1. for a given pair, if max(fuzzy_ratio, fuzzy_token) == 100, retain the pair
2. If there is more than one match for a company name which has max(fuzzy_ratio, fuzzy_token) == 100, then retain the match with higher fuzz_ratio 
3. for pairs where max(fuzzy_ratio, fuzzy_token) != 100:
    - retain all the names which have only one single match
    - for names which have more than one match, retain the match with higher max(fuzzy_ratio, fuzzy_token)
    - for names which have more than one match with same max(fuzzy_ratio, fuzzy_token), use higher ratio to break the tie
4. finally of all the retained pairs, select only those with max(fuzzy_ratio, fuzzy_token) >70
    


In [7]:
for i in pv_letters:

    ####for clean company names after removing high frequency last words 
    name = "sub_new"+i+".csv"
    newe = pd.read_csv(name)
    newe['mx'] = newe.apply(lambda x: max(x.new_ratio, x.new_token), axis = 1)

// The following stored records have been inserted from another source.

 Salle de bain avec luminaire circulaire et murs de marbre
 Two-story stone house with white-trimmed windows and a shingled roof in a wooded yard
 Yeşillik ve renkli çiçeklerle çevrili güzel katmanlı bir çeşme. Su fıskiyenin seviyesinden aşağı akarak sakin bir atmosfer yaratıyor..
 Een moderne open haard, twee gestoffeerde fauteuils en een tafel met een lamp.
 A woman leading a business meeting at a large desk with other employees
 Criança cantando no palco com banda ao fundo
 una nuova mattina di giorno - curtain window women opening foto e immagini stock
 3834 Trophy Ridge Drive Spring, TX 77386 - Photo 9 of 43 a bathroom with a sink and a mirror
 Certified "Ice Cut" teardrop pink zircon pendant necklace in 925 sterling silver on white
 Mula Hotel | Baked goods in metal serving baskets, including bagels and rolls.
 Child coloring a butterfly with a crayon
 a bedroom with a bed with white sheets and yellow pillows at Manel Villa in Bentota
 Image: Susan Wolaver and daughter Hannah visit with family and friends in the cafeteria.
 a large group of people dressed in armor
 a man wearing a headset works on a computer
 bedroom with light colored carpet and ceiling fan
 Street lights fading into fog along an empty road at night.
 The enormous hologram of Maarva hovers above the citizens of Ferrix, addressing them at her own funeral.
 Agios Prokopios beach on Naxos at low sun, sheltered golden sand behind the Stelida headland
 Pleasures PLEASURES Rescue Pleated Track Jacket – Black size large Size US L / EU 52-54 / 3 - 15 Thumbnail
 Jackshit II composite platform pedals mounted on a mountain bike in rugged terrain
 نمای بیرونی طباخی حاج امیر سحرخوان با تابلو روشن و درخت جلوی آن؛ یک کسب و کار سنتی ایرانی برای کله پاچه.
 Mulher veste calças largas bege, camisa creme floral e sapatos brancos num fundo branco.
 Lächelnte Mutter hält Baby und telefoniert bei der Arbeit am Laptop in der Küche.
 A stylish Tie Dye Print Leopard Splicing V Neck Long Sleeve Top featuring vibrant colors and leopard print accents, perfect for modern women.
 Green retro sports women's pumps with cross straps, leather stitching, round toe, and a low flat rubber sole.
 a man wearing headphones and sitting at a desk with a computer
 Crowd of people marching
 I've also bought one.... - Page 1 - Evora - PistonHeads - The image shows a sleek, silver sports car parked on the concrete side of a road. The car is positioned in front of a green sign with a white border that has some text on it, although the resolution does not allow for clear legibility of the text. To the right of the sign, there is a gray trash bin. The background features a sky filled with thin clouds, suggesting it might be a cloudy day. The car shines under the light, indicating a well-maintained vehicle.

    newe100 = newe[newe['mx']==100]  #for a given pair, if max(fuzzy_ratio, fuzzy_token) == 100, retain the pair
    newe12 = newe100.drop_duplicates('pv_new', keep = False) ##retain- add to a list at the end
    newe1 = newe100[newe100.duplicated('pv_new', keep = False)].reset_index() ##if tie, use ratio score to break it

    newe2 =  newe1.loc[newe1.groupby(['pv_new'])['mx'].idxmax()]
    idx = newe2.groupby(['pv_new'], sort=False)['new_ratio'].transform(max) == newe2['new_ratio']
    newe3 = newe2[idx].sort_values(['pv_new']) ##to add at the end

    newe33 = newe1[newe1.duplicated(['pv_new','new_ratio','new_token'], keep = False)] ## remove the matches already retained



    ###not 100
    newetemp = newe[~(newe['mx']==100)]
    newe123 = newetemp.drop_duplicates('pv_new', keep = False) ## retain all the names which have only one single match to add to list at the end
    newe1t = newetemp[newetemp.duplicated('pv_new', keep = False)] # remove matches already retained

    new2 =  newe1t.loc[newe1t.groupby(['pv_new'])['mx'].idxmax()] # for names which have more than one match, retain the match with higher max(fuzzy_ratio, fuzzy_token)
    idx2 = new2.groupby(['pv_new'], sort=False)['mx'].transform(max) == new2['mx']
    new3 = new2[idx2].sort_values(['pv_new']) ### contains some duplicates in pv

    newe4 =  new3.loc[new3.groupby(['pv_new'])['new_ratio'].idxmax()] ## use ratio to break tie
    idx3 = newe4.groupby(['pv_new'], sort=False)['new_ratio'].transform(max) == newe4['new_ratio']
    new5 = newe4[idx3].sort_values('pv_new') ##add

    new5 = new5.append(newe12)
    new6 = new5.append(newe3)
    new7 = new6.append(newe123)
    new8 = new7.append(newe33)
    new9 = new8[new8['mx']>70]

    new9 = new9.drop_duplicates(keep = 'first')
    
    ######################################################
    
     ####for clean company names after standardizing
    lname = "sub_"+i+".csv"
    lowe = pd.read_csv(lname)
    lowe['mx'] = lowe.apply(lambda x: max(x.Ratio, x.Token), axis = 1)

    ##100
    
    lowe100 = lowe[lowe['mx']==100]
    lowe12 = lowe100.drop_duplicates('pv', keep = False) ##to add at the end
    lowe1 = lowe100[lowe100.duplicated('pv', keep = False)].reset_index() ##duplicates based on same pv

    lowe33 = lowe1[lowe1.duplicated(['pv','Ratio','Token'], keep = False)]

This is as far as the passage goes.